=== What you have to do ===
An exact transcription is needed of the lines below from the one with "Apartamento com 2" through the one with "241 Sunset Drive, Menasha, WI", with no other lines and no pictures.

-------- Input data --------

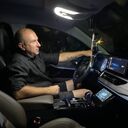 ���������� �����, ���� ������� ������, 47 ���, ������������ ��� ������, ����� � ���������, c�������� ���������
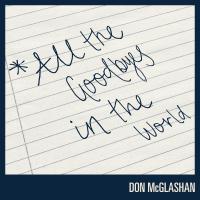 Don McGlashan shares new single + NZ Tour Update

--------
-------- Input data --------

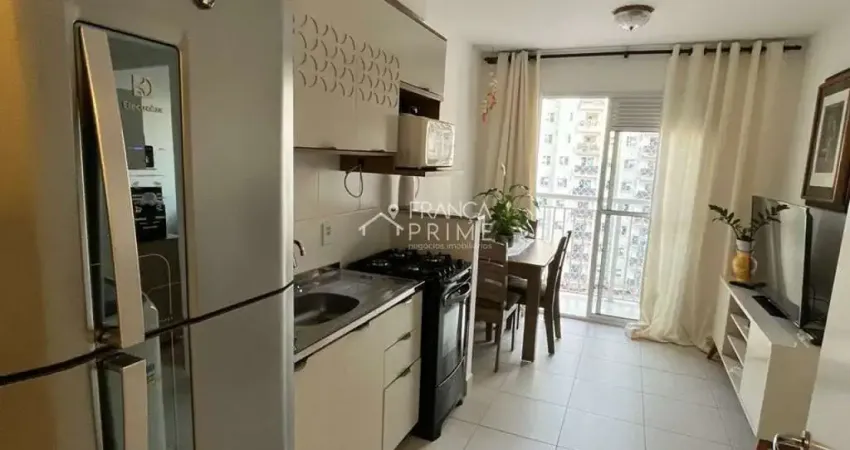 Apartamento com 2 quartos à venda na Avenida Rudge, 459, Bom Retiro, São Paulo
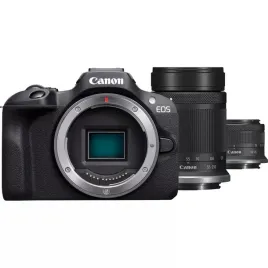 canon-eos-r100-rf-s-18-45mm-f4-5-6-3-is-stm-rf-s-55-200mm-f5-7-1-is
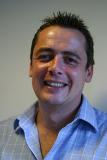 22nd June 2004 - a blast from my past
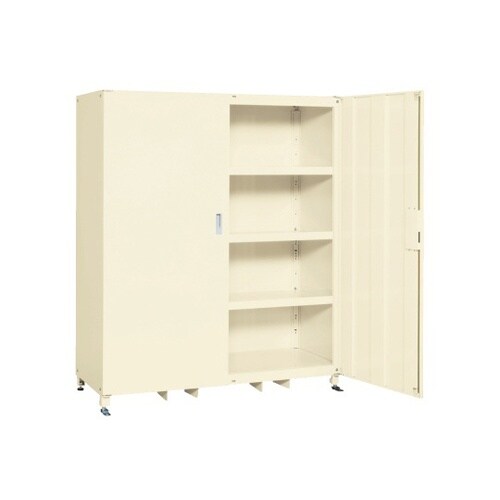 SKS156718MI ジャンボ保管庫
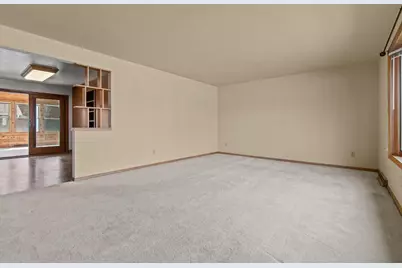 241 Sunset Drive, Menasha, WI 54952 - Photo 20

--------

=== Exercise result ===
 Apartamento com 2 quartos à venda na Avenida Rudge, 459, Bom Retiro, São Paulo
 canon-eos-r100-rf-s-18-45mm-f4-5-6-3-is-stm-rf-s-55-200mm-f5-7-1-is
 22nd June 2004 - a blast from my past
 SKS156718MI ジャンボ保管庫
 241 Sunset Drive, Menasha, WI 54952 - Photo 20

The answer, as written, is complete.